Some will get better and some won't. Do what you can, but don't play God. You will have given them a chance and not driven them off with manipulations. And if the person does not get better you will not have the guilt and frustration of trying to make things happen.
Let me now briefly address the subject of sin. I know that it is not popular nowadays to talk about sin, but it is an apt term that accurately names something that also shocks and traumatizes people.
This brings us to the subject of another form of numbness. There is also a psycho-spiritual numbness that follows some self inflicted action that is a trauma to the soul: such as taking a drug, a promiscuous sex experience, or committing a major harm to another. This numbness is actually the soul’s sensing a deadness from a loss of innocence and separation from God.
A young person who takes a drug, for example, may sense this numbness the morning after the night before. Not yet jaded and inured to sin, he or she is still closer to innocence and doesn’t like the new feeling. It is a warning to us all that there is such a thing as a forbidden act.
Before leaving this topic, I must say that recovery is possible if one finds the way back to God, to His life and His light through a sober realization and through turning from sin.
In the case of our young person who experimented with drugs or promiscuous sex--being sorry and becoming chaste again, staying away from drugs, and listening to his parents instead of resenting them will prevent further deterioration. Nevertheless, a palpable change has occurred, not a good one. Indeed a trauma. Trauma is change. But God is perfectly capable of restoring one of his beloved’s souls. There is no sin that cannot be undone by a sincere regret and a turning to our Creator.
The policeman who experiences this psychic numbness after years of dealing with terrible people, or for example, some poor woman who was forced into a life of prostitution who experiences this numbness are both suffering the effects of the traumatic sin because of resentment (and judgment). Neither of these individuals were the perpetrators themselves, they were victims through what they saw or had to do.
Why then does each suffer the effect of psycho-spiritual trauma? Because of their resentment, judgment and hatred. Resentment and hate are big traumas to the human. Humans are creatures of love, and when we hate or resent another, we are transgressing the law and hurting our own soul.
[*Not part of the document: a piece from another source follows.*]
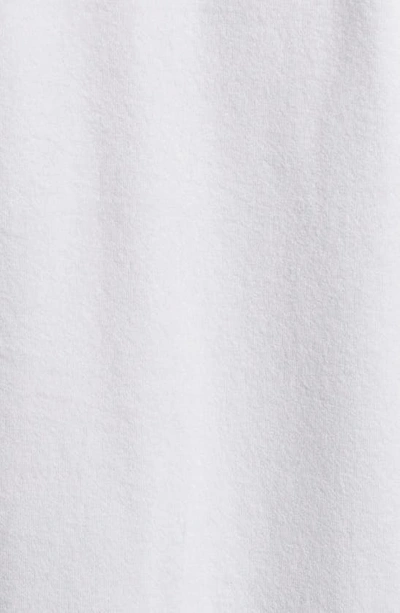 Shop Fair Harbor Organic Cotton Blend Terry Polo Shirt In White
Each of them must see their hate (or secret resentment and judgment) toward those who did bad things to them. It will help them when they see, really see, that the perpetrators were doing what was done to them.
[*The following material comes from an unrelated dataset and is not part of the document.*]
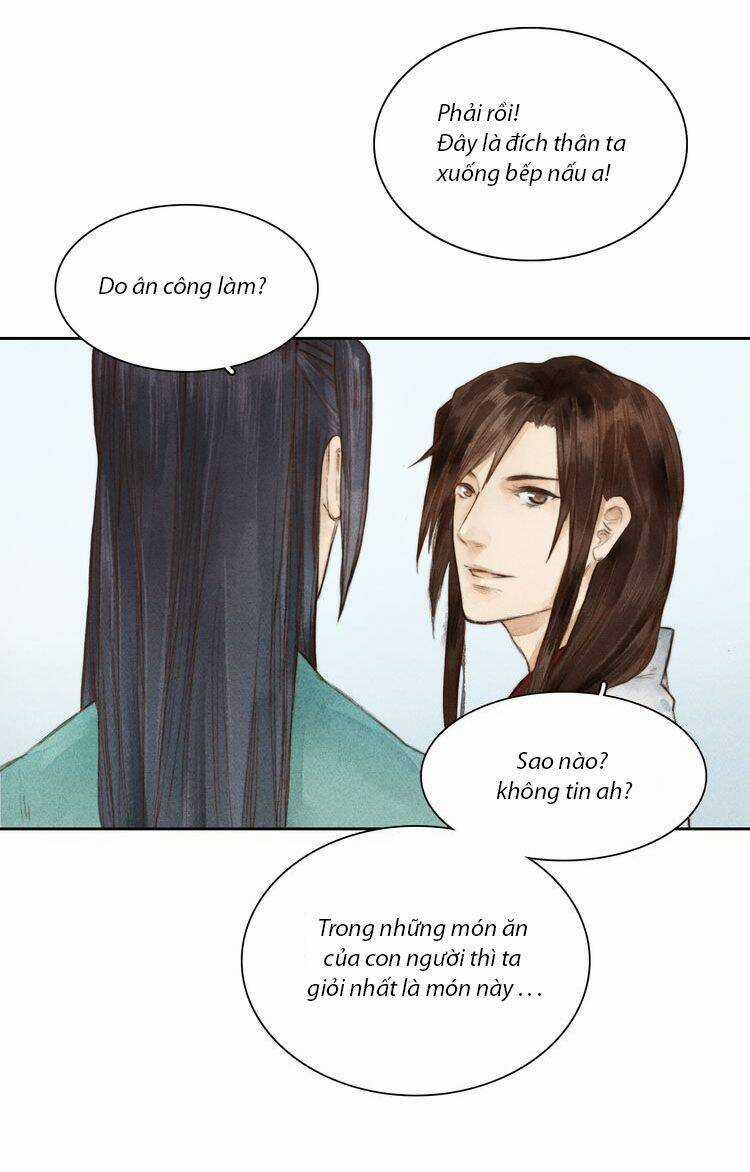 Quân Vi Yêu - Chapter 2 - Trang 10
It was done to the perpetrators, and through their hate, the nature of the evil got inside them and then pulled their strings.
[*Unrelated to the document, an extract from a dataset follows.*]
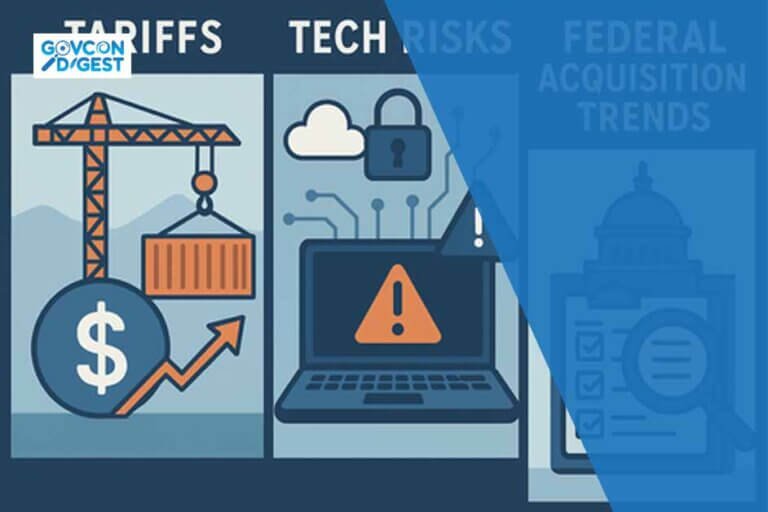 Tariffs, Tech Risks & Federal Acquisition Trends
When the victim (in our example, the policeman or the unfortunate woman sold into slavery) lets go of the resentment and the hatred, they become unblocked to receive God’s love. Bear in mind that this does not mean liking the perpetrator, pretending nothing happened or feeling sorry for him or her. It means seeing the wrong, but just not hating the person for it. Discern the error but without the pinch of judgment and resentment.